BITCOIN PRICE PREDICTION USING MULTIPLE REGRESSION TECHNIQUES
An attempt to facilitate Cryptocurrency trading for traders
The goal of this project was to determine just how well commonly used regression techniques performed in the context of bitcoin price prediction. We compared the following Regression techniques:
Lasso, Ridge, Decision Trees, Light GBM, XG Boost and SVM Regressors.
For our analysis, we utilized minute level bitcoin pricing data, originally scraped from the crypto-currency exchange BitFinex. This data consisted of 2,638,113 observations, spanning from 4/01/2013 at 06:56:00 to 2/07/2020 at 18:22:00. In order to analyze the performance of various regression models, we needed to devise a scheme for training each regression model. While methods such as cross-validation and shuffled splitting are commonly used in this regard, such methods are not applicable to time series data due to the inherent assumption that observations in the data are independent of one another, which is false in the case of financial time series.

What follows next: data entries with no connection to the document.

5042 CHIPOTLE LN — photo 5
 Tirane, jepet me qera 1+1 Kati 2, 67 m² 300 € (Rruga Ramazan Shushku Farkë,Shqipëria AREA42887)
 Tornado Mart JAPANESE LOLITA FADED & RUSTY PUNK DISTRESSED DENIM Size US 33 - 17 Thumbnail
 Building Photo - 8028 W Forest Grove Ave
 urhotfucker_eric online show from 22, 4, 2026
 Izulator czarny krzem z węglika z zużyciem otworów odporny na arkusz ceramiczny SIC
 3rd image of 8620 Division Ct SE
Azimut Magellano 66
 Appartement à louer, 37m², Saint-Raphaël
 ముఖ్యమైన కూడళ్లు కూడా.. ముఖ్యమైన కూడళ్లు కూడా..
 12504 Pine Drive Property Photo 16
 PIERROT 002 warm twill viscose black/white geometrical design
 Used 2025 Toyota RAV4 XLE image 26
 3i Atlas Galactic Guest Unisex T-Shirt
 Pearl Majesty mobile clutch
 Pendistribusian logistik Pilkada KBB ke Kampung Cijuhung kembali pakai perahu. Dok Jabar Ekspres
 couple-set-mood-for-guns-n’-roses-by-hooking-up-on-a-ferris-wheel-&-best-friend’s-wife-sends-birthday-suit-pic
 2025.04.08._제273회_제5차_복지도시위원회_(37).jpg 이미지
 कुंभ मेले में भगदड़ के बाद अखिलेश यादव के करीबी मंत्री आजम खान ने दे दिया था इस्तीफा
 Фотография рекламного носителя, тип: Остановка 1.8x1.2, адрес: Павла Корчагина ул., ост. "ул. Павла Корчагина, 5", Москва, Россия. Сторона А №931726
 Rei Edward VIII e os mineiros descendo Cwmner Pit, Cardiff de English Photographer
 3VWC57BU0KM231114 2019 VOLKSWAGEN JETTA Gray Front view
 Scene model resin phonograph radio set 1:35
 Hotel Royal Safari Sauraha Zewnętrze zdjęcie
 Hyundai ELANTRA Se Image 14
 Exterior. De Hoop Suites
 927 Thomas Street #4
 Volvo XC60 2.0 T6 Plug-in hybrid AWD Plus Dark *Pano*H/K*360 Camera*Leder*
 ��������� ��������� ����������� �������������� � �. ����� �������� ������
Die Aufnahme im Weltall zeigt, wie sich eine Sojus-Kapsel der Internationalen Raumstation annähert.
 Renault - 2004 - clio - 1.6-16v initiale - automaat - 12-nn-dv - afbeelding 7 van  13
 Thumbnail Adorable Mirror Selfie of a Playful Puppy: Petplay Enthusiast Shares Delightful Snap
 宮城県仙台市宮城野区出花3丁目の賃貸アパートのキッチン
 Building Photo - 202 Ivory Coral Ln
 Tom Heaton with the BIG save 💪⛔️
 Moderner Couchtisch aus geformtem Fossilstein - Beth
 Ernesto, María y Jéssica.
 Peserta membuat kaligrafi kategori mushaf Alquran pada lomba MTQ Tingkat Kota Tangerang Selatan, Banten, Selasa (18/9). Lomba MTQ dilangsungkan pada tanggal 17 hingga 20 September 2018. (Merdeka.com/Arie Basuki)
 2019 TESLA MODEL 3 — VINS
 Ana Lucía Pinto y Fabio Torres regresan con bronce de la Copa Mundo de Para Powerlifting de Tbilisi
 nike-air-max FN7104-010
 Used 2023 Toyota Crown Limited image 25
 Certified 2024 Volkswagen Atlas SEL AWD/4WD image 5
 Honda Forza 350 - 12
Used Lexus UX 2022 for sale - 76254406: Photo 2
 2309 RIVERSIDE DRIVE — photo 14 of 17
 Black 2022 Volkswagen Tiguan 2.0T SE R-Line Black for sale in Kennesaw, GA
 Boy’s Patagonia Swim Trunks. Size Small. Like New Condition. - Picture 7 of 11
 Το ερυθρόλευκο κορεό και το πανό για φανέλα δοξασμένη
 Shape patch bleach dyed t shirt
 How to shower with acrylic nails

Thus, we sought to compare both the effectiveness and the cost of offline regression models trained on some past fixed portion of data versus online learning models, trained solely on some fixed number of previous observations n .
COREFERENCE RESOLUTION SYSTEM
A model that finds all the references that belong to a given Coreference cluster in multiple documents
The goal of this project is to find all the occurrences of words that belong to a given cluster head, in multiple documents. Coreference resolution is still a research area in NLP, so we tried multiple techniques to achieve this.
We implemented string matching for words and noun phrases, word embedding similarity, word semantics by Spacy, and Hobb's algorithm for making clusters for pronouns and noun phrases separately.
RANDOM PROJECTS USING RESERVOIR COMPUTING
A model that makes non-linear data linearly separable using a reservoir
This project is a niche ML system that makes non-linear data linearly separable in a higher dimension using Crosstalk between two current-carrying wires as a reservoir, by using the principles of Reservoir Computing.
A reservoir computing system consists of a reservoir for mapping inputs into a high-dimensional space and a readout for pattern analysis from the high-dimensional states in the reservoir. The major advantage of reservoir computing compared to other recurrent neural networks is fast learning, resulting in low training costs.
Crosstalk is any phenomenon by which a signal transmitted on one circuit or channel of a transmission system creates an undesired eﬀect in another circuit or channel and is usually caused by undesired capacitive, inductive, or conductive coupling from one circuit or channel to another. This phenomenon is undesired in electronics. But we are trying to use this phenomenon as a ’Physical Reservoir’ to project our data into higher dimension.